For simplicity, the “default/example firmware” for this data format could be using a fixed bitmask, with the currently proposed values, or perhaps altering between two different bitmasks to support all measurements like @theBASTI0N suggested. The more advanced “dynamic behavior” and/or “runtime configurability” could be left for future improvements and/or custom firmwares.

otso · 26 November 2019 10:10

It’s definitely possible, but sending two different packets consumes double energy for the same data rate.

3.26+ versions of Ruuvi Firmware already do this internally, first 4 bytes are u32 which contains the bitmask and for each bit set the data has one float which represents the value.
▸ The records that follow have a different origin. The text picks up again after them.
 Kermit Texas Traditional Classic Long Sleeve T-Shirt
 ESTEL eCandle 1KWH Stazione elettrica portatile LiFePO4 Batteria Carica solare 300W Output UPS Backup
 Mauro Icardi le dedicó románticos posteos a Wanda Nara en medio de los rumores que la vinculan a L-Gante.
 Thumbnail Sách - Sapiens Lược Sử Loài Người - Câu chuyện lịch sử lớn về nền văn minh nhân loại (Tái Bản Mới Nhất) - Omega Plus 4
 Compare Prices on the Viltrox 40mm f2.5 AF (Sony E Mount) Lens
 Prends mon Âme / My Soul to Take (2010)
GATT communication likewise consumes trades bandwidth for simplicity and sends each data field separately with it’s own header.
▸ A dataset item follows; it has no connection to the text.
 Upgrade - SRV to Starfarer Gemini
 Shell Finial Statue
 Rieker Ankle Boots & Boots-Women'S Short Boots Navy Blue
theBASTI0N · 27 November 2019 00:29

the application would only send one packet at a time, so packet A would be sent on the first second then packet b the next seconds and so on.

So the new packets could include:

Packet A

Packet format number: 1 byte example 06
Temperature in 0.005 degrees Centigrade 2 bytes
Humidity in 0.0025% 2 bytes
Atmospheric pressure in 1Pa 2 bytes
X 2 bytes
Y 2 bytes
Z 2 byts
Measure Sequence number 2 bytes
CRC8 1 byte
MAC address 6 bytes are allocated because Apple APIs do not provide it

PacketB

Packet format number: 1 byte example 07
X 2 bytes
y 2 bytes
Z 2 bytes
Power information, ie battery voltage in milli-volts and transmission power in 2dBm 2 bytes
Movement counter, incremented by the accelerometer 2 bytes
Measure Sequence number 2 bytes
CRC8 1 byte
MAC address 6 bytes are allocated because Apple APIs do not provide it

theBASTI0N · 29 November 2019 04:42

One issue i found when testing alternative packets is keeping them the same length will allow the switch between each format easier as advertising_sizes will remain the same.

PACKET B should be:

PacketB

Packet format number: 1 byte example 07
00 2 bytes left blank could be used for something
X 2 bytes
y 2 bytes
Z 2 bytes
Power information, ie battery voltage in milli-volts and transmission power in 2dBm 2 bytes
Movement counter, incremented by the accelerometer 2 bytes
Measure Sequence number 2 bytes
CRC8 1 byte
MAC address 6 bytes are allocated because Apple APIs do not provide it

This would make Packet A 22 bytes and Packet B 22 bytes removing the 00 that would be added onto the end of Packet B otherwise.